The point was crystallized last week when law enforcement officials publicly released never-before-seen video from the museum’s security system. It sparked an Internet frenzy as people sought to enhance the video and identify an unknown man whom a guard had let into the museum 24 hours before the robbery, in violation of security protocol and under questionable circumstances.

Analysts, some with old ties to the Gardner probe, question whether new technology can or has been used to examine pieces of original evidence in the case, such as the duct tape used to tie down the guards on duty that night and the handcuffs placed on them.
“Any of the original items that were seized at the time of the crime could be retested with better technology now, so that could be one area where they could make some progress,” said Brian Kelly, a lawyer with Nixon Peabody and the former head of the public corruption unit in the US attorney’s office, who oversaw the Gardner investigation.
Any strategy to raise public awareness of the artworks, Kelly said, can aid in the investigation, noting it was a public tip that led to the arrest and ultimate conviction in 2013 of notorious gangster James “Whitey” Bulger.
“Certainly, keeping it in the news is helpful because it does lead to tips, and at some point they will get lucky,” Kelly said. “They just have to get lucky once.”
Kristen Setera, a spokeswoman for the Boston office of the FBI, said she could not say whether any of the evidence from the night of the robbery has been tested with new technology, citing the sensitivity of the ongoing investigation.

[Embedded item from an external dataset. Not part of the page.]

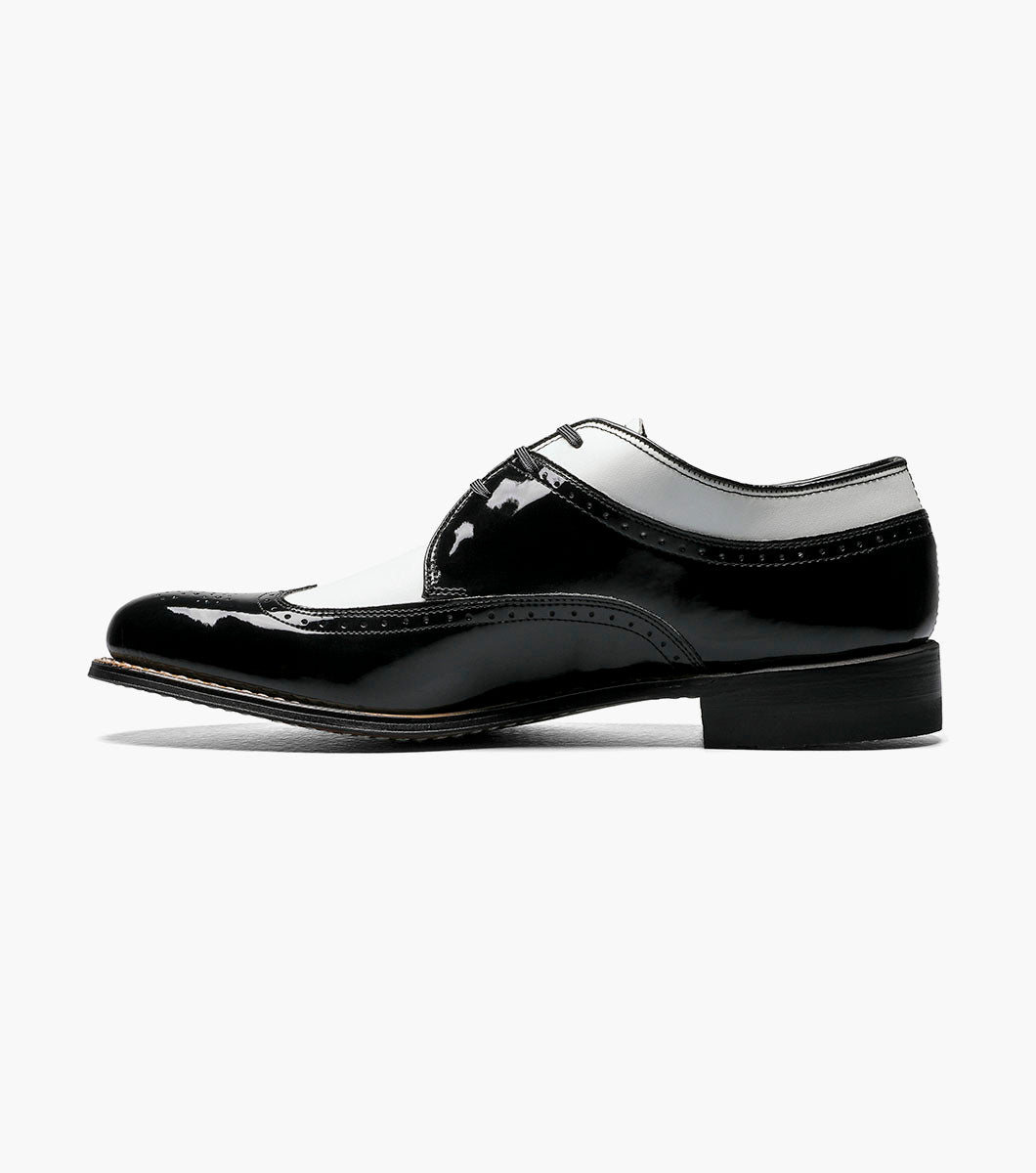 Stacy Adams Dayton Wingtip Oxford Men’s Dress Shoes - Black w/White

She said, however, that authorities received more than 40 tips related to last week’s release of the surveillance footage, and investigators “are working diligently to vet them all.”
The release of the video pumped new vigor into the decades-old investigation, which has long stymied law enforcement officials.
Two men posting as police officers entered the museum just after 1 a.m. on March 18, 1990, saying they were responding to a disturbance. After they tied up the guards, they made off with 13 works, including a Vermeer, a Manet, and three Rembrandts, one of them his only seascape, “The Storm on the Sea of Galilee.”
No one was ever charged, and the museum has offered a $5 million reward for the return of the works of art. US Attorney Carmen M. Ortiz said she would consider granting immunity to anyone who has the paintings in exchange for their return.
“The issue now is maybe convincing someone to take the reward money that’s on the table,” said Thomas Shamshak, a private investigator and a former police detective and chief in several towns in Massachusetts, who has followed the case.
Recently, attention again turned to an aging Connecticut mobster whom authorities suspect has information about the location of the paintings that he is withholding. Officials said in court records filed last week that reputed Philadelphia Mafia soldier Robert Gentile has lied about the paintings. He claimed to a cooperating witness in 2010 that he had access to two paintings and wanted to sell them, though Gentile has told authorities he did not know the location of the paintings. He failed lie detector tests.
Attention in the past week also turned to former Gardner guard Richard Abath, who let the two police officers into the museum the night of the robbery.
Abath has denied any wrongdoing, but the museum footage released last week shows him letting an unidentified man into the museum the night before the heist — leading authorities to question whether it was a dry run of the robbery. He never disclosed that he let anyone into the museum under such circumstances.
Abath, now in his late 40s and living in Brattleboro, Vt., could not be reached for comment despite numerous attempts to get in touch with him. He has told authorities he has no recollection of the encounter and cannot identify the man in the video.
The former guard chronicled the theft in his college theses in 2010 for a creative nonfiction writing program, which was obtained this week by The Boston Globe.
In it, he writes that he was surprised when FBI agents approached him 18 years after the theft, saying they evidently never discounted him as a suspect.
He said at that time that he was considering writing a book because, “I wonder if some detail that I don’t know is important might turn out to be very important.”